One nonterminal symbol serves as the top-level nonterminal where the generation starts (or where analysis ends) -- for natural languages, we usually use the symbol S (sentence).
The following example grammar can generate (or analyze) sentences such as Dogs sleep (grammatical English) or The black cat sleep (ungrammatical).
S -> NP VP NP -> dogs VP -> sleep NP -> Det Adj N Det -> the Adj -> black N -> cat
We can mend this grammar by dividing each nonterminal into two variants -- one for singular and one for plural.
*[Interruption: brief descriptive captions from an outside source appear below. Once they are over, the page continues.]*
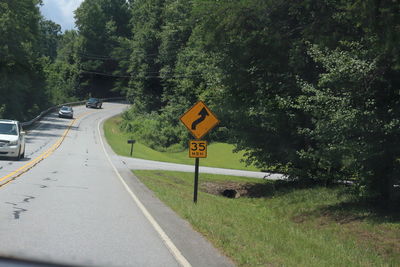 Road sign by trees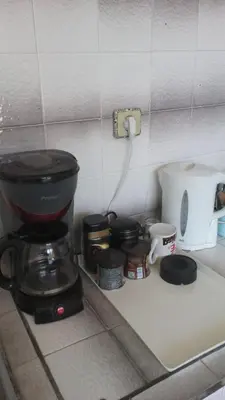 a coffee maker on a counter in a kitchen at Guest House Jani in Trigrad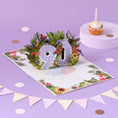 Load image into Gallery viewer, 90th birthday pop up card for her - floral theme with butterflies, birds and flowers - lifestyle image of the card open surrounded by cake, bunting and confetti
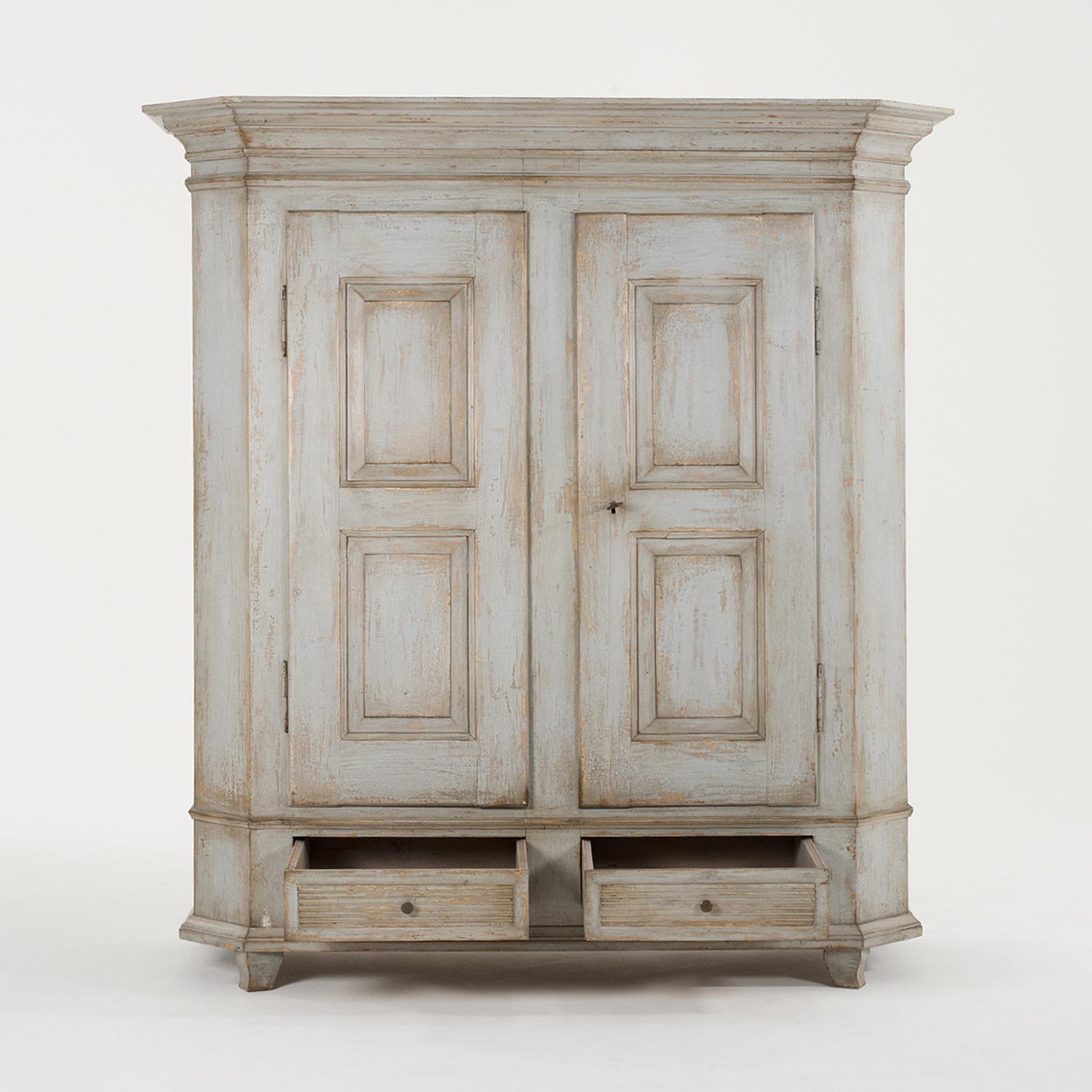 A blue-grey, antique Swedish Gustavian armoire, wardrobe made of hand crafted painted Pinewood, in good condition. The tall Scandinavian cabinet is composed with two doors and two lower drawers, detailed with round door pulls, handles, supported by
In general, linguistic phrases have many independent linguistic properties which would require us to split the nonterminals into an exponential number of variants.
When a natural language sentence is analyzed with a constituency grammar, we obtain a parse tree, such as the following:
In MT, constituency trees can be used either on the source side (tree-to-string MT), on the target side (string-to-tree) or both (tree-to-tree).
Tree-to-Tree Translation
We describe the scenario where phrase-structure trees are used on both sides. In that case, translation can be viewed as parsing of the source sentence using a synchronous CFG. Such a grammar contains production rules with two right-hand sides: one for the source side and one for the target side.
Consequently, the constituency tree of the translation is constructed as the source sentence is parsed. The translation can then simply be read off the parse tree.